赤秋の恋(美鈴)
えぇ
[実は今のお店が居抜きで売りに出ているのです。買い手がいないと5月で解雇になります。お客さんはお金持ちでしょうから、500万円ですから、お買いになる気はありませんか?」
「素人の僕では赤字になってしまいますよ」
「私は店長ですから、私が責任は持ちます。年1パーセントの利息は最低保証します」
「現在利益はどのくらいあるんですか?」
「1日平均5万円くらいの売り上げはあります。
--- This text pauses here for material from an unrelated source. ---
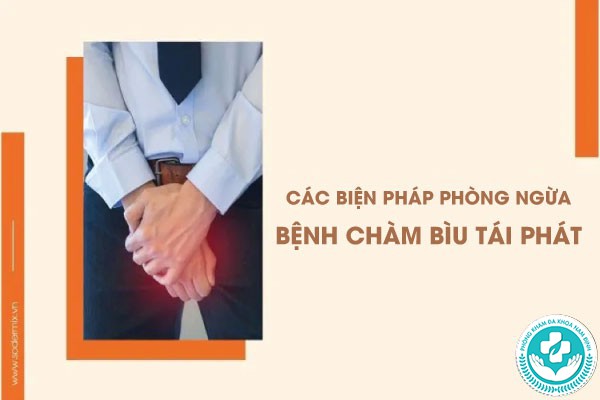 Chàm bìu Chàm bìu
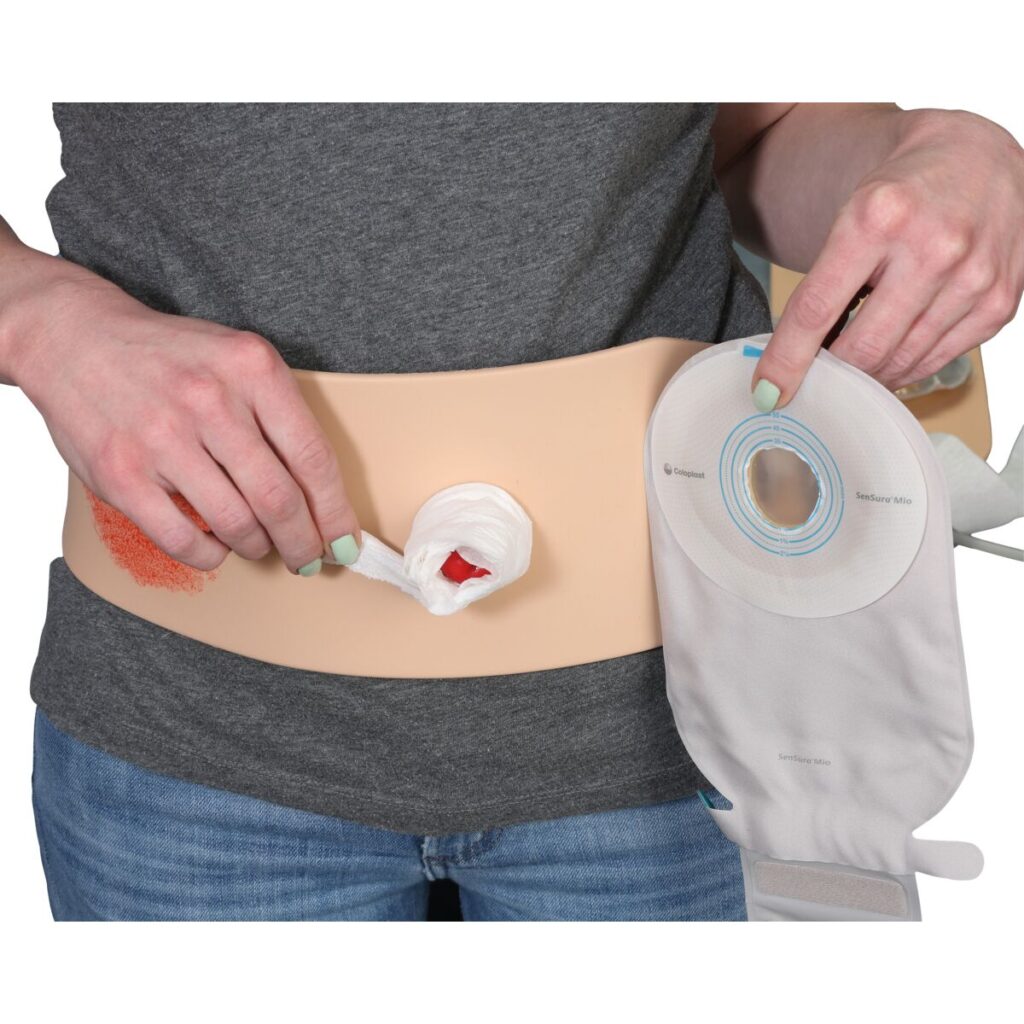 Stoma Ostomy Care Market Stoma Ostomy Care Market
粗利は半分です。4時間交代で4人パートの方がいます。時給は900円ですから、約15000円で、私が10時間勤務で1万円です。それと家賃が5万円、光熱費、水道など4万円くらいかかります。それらが日割りで4000円にして、29000円です。計算上では少し赤字になりますが、仕入れに変動があり利幅はもっと多いと思ってください」
「ギリギリなのか、それでオーナーは売りに出した訳ですね」
「正直な話そうなんですが・・・助けていただけませんか?」
「元金の保証がないですよね」
「それはですね。わたしと・・・結婚してください」
「えぇ。プロポーズ」
「1人だって言ったでしょう?嫌い・・ですか」
「好きですよ。好きです。フキノトウの天ぷらみたいに」
62年もの間独身でいたのに、なぜだろう。啓介は美鈴のプロポーズを受けてしまったのだ。
結婚は年齢でする訳ではないのかもしれない。少しの好きな感情とタイミングなのかもしれない。
「録画機は返品します」
「必要でしょう」
「だってさ、啓介さんがお話相手になってくれるでしょう」
「・・・・・」
「・・・・」
無言の会話は読者が想像してくださいね。